All I can say is that this agent is so easily satisfied that I actually pity her. She was willing to pay for the content the other writer submitted and that is a downright shame.
The first sentence? You got it:
“A home is the biggest investment that you will make in life in most cases. . .”
Why that’s troublesome
First, how many times has this particular tidbit of real estate “wisdom” been foisted on the consumer? I did a Google search and found 17,200 instances.
Now, that’s just for the original sentence I posted above; the search doesn’t include the multiple variations of this triteness.
Real estate agents say they want to stand out from other agents in their markets, so why on earth are they willing to pepper their websites with overused phrases that make consumers’ eyes glaze over?

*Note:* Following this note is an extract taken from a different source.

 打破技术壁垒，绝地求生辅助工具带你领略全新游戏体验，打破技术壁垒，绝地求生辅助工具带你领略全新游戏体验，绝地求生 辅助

“Now is a great time to buy!”
“Now is a great time to sell!”
“Interest rates are at historic lows!”
Why it’s just flat-out wrong
Do you recommend to your listing clients that they stage or at least clean their homes before they go on the market? Amp up their curb appeal? If so, why?
I’m willing to bet that it’s because you understand the importance of making a kick-hiney first impression. Sellers have seconds to impress on potential buyers the beauty, the convenience and the lifestyle their homes offer.
Do you honestly think it’s different for real estate agents? How many seconds do you think someone will remain on a page that hasn’t put its best foot forward and tried like heck to impress them?
You do that first in your headline and second, with your lede – your first sentence. Throw either of those to the wind, be lazy with them and you might as well just present a blank page.
Let’s use neighborhood descriptions as an example. Which lede is more likely to get you to read on?
“Happy Acres is one of those Smallville neighborhoods that catch outsiders by surprise.”
“Happy Acres is a family-friendly community located in Smallville, U.S.A.”
As you most likely guessed, the names of the towns have been changed to protect the agents involved. I rather like the first lede and, yes, I’d read on, if only to find out what’s so surprising about Happy Acres.
The second one? If that lede were a home, it’s curb appeal would’ve caused the buyers to jump back in the car and peel rubber down the street.
If you write your own blog posts, do yourself a favor and use Google to get some help. Type in “how to write a good lede,” for instance and you’ll be rewarded with tons of free advice and spiffy examples.
If you hire freelancers to do your writing, don’t let them get away with being lazy. Insist that anything trite or boring be re-written to something more compelling, more scintillating and more interesting.
Don’t pay for any work until it hooks the readers at the beginning and keeps them there until your point is made.